Benkard served on the Fine Arts Committee for the Decoration of the White House. She donated many pieces of antique furniture to the Metropolitan Museum of Art and other museums, and she was a close friend of collector Henry Francis du Pont. The Benkard Room at the Met, which displays a collection of her early American furniture, is named for her.

Benkard advised Louise E. du Pont Crowninshield in furnishing Wakefield, a restored mansion in Rhode Island, and traveled with Crowninshield on behalf of the Garden Club of America. She also advised on the furnishing of Kenmore, a historic house in Fredericksburg, Virginia.

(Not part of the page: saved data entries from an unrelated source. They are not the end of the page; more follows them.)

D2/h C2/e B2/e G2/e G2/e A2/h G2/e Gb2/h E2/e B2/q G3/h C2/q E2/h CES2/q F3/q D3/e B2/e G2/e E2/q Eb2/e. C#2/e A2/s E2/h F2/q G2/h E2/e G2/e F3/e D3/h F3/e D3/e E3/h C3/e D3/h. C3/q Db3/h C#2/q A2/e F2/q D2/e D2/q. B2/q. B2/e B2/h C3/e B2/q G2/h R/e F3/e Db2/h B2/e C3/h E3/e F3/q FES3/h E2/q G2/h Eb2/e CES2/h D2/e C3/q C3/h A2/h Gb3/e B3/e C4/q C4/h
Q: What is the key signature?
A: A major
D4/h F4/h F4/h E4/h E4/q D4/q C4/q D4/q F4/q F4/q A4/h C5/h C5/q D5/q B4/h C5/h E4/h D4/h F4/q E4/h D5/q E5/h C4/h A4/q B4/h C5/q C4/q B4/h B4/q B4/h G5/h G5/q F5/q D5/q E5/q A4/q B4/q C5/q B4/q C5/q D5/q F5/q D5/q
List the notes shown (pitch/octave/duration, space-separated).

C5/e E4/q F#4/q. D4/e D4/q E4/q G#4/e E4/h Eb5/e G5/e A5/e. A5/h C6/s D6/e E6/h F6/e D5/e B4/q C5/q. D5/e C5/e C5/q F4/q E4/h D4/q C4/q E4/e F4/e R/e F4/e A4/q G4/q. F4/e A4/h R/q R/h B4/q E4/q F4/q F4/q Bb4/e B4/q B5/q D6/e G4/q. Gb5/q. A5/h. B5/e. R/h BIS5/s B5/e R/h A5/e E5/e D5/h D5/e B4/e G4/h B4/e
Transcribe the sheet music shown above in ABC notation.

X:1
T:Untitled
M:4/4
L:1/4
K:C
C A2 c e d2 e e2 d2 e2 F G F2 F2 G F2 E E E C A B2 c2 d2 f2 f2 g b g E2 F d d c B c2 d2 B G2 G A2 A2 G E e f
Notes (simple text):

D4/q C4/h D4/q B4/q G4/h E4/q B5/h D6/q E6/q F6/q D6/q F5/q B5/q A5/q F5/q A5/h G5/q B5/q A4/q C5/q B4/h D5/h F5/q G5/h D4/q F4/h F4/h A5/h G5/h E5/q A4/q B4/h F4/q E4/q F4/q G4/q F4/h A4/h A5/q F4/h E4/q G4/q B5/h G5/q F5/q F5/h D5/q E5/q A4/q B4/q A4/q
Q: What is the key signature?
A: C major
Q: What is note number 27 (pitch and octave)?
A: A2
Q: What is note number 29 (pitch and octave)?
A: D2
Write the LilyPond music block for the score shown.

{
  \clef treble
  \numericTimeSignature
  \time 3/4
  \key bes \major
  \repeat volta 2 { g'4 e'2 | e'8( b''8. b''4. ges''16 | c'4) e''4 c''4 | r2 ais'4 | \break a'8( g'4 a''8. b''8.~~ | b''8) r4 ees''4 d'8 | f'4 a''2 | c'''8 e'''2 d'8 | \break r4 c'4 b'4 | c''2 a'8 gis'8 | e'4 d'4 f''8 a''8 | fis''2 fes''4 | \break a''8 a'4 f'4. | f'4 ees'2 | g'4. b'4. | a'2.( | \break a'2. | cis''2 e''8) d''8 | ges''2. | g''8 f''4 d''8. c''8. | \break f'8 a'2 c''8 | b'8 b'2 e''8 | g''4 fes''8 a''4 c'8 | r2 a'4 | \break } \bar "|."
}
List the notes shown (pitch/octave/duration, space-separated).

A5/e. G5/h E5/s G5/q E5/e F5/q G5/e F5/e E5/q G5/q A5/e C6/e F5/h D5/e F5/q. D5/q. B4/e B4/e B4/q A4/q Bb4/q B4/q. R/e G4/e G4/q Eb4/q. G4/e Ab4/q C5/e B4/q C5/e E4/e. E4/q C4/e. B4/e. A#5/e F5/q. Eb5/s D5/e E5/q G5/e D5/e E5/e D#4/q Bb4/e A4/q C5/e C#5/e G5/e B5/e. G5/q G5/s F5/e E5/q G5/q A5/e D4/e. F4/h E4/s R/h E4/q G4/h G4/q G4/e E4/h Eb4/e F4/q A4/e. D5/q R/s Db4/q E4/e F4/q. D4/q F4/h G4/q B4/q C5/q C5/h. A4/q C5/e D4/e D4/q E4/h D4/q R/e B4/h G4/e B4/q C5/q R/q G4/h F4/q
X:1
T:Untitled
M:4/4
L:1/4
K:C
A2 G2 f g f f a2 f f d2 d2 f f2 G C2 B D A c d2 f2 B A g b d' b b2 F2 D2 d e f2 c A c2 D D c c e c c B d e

Outside of her art collecting interests, Benkard was president general of the Colonial Dames of America, and the first woman elected to be a trustee of the New York Genealogical and Biographical Society (NYG&B). She was a member of the women's board of the Museum of the City of New York. She was president of the North Country Garden Club and vice-president of the Samaritan Home for the Aged.

==Personal life and legacy==
Bartlett married stockbroker Harry Horton Benkard in 1903. They had two children, Franklin and Bertha. Her husband died in 1928, and she died 1945, probably in her late sixties, at her home in Oyster Bay. Her husband's brother J. Philip Benkard had two notable wives, writer Julia Lynch Olin and singer Ann Swinburne Munroe.